Эти и многие другие объяснения в общем согласуются между со­бой, хотя, может быть, и не в специфических терминах. Их можно ин­терпретировать как выражения культурной или субкультурной пред­расположенности к экстрапунктивным или интрапунктивным ответам, а их различия могут быть атрибутированы различным источникам эк- страпунктивных норм. Генри и Шорт делают акцент на взаимодействии возникающих в детстве и социально-структурных факторов как детер­минант направленности агрессии. Хендин подчеркивает первичность факторов, возникающих в детстве, Хакни — историческую традицию, которая предположительно внедрена в процесс социализации и может найти свое выражение в опыте, приобретаемом в ходе взросления. Все три типа каузальных факторов, вероятно, взаимодействуют в развитии экстрапунктивных аттитюдов, при этом некоторые из них являются для каких-то групп более важными, нежели другие.

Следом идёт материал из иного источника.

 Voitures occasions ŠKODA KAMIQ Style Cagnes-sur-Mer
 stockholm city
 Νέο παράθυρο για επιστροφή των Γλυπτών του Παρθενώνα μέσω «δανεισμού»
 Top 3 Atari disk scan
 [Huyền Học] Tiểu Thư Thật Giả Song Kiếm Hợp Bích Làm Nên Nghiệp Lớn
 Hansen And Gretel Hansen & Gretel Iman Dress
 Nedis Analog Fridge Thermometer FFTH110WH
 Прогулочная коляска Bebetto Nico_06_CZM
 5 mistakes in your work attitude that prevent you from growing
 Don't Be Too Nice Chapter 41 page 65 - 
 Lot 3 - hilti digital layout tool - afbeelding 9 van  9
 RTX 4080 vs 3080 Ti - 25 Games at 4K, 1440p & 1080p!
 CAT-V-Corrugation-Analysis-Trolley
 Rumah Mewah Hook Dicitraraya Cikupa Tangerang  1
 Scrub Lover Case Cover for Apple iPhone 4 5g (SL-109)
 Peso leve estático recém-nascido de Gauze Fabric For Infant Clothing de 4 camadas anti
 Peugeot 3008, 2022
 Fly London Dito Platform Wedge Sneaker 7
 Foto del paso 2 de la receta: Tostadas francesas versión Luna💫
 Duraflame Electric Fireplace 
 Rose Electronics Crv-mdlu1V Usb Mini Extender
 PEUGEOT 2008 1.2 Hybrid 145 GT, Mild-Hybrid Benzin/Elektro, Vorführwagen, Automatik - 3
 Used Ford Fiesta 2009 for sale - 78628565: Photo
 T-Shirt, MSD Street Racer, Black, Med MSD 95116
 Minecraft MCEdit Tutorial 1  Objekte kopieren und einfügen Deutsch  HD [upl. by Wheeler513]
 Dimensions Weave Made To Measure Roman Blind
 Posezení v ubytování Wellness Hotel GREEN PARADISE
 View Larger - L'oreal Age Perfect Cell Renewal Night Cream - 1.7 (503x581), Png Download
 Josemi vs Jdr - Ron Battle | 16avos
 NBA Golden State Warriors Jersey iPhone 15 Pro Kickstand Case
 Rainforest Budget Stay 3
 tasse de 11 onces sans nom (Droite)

Более спекулятивный взгляд связывает характеристики социализа­ции с коллективным насилием через экстрапунктивность. Например, Бейтсон идентифицировал среди жителей острова Бали паттерн воспи­тания, с помощью которого детей обучают не ожидать кульминации, а получать удовольствие на предварительных этапах, без определенной цели, «жить непосредственно настоящим, а не отдаленным будущим»21. Другая балинезийская характеристика — это сильный нормативный запрет на открытую агрессию, прививаемый предположительно как часть того же процесса. Эти два штриха могут помочь объяснить оче­видную высокую толерантность балинезийцев к фрустрациям, превы­шение которой ведет к экстраординарно интенсивным вспышкам суи­цидального насилия, аналогичным малайскому амоку и к коллективно­му насилию наподобие массового избиения сотен тысяч индонезийских коммунистов в 1965-1966 гг., которые на Бали были особенно интен­сивны22. Пай атрибутирует высокий размах политических убийств и других форм насилия в Бирме наиболее фундаментальным паттернам бирманской практики воспитания детей, а более непосредственно — на­пряжениям, созданным политикой модернизации и преобладанием убеждений в неизбежности насилия23. Третий, менее прямой, пример дают результаты интервью с 67 гарлемскими неграми после бунта 1943 г. Кларк идентифицирует основные аттитюдные различия между теми, кто принял бунт, и теми, кто его отвергал. Обе группы проявили себя равно заинтересованными в статусе негров; но те, кто отвергал насилие, давали свои ответы с позиций общего аттитюдного неприятия его, а те, кто принимал, — с позиций ограниченной структуры отноше­ния, в котором было достаточно расовых несправедливостей, чтобы оправдать насилие24. Различия в паттернах социализации двух групп не изучались, однако выводы совместимы с тем аргументом, что интра- пунктивные индивиды овладевают обобщенными формами поведе­ния, связанного с противлением агрессии, тогда как экстрапунктивные индивиды обучаются отвечать на конкретные фрустрации более прямо и открыто.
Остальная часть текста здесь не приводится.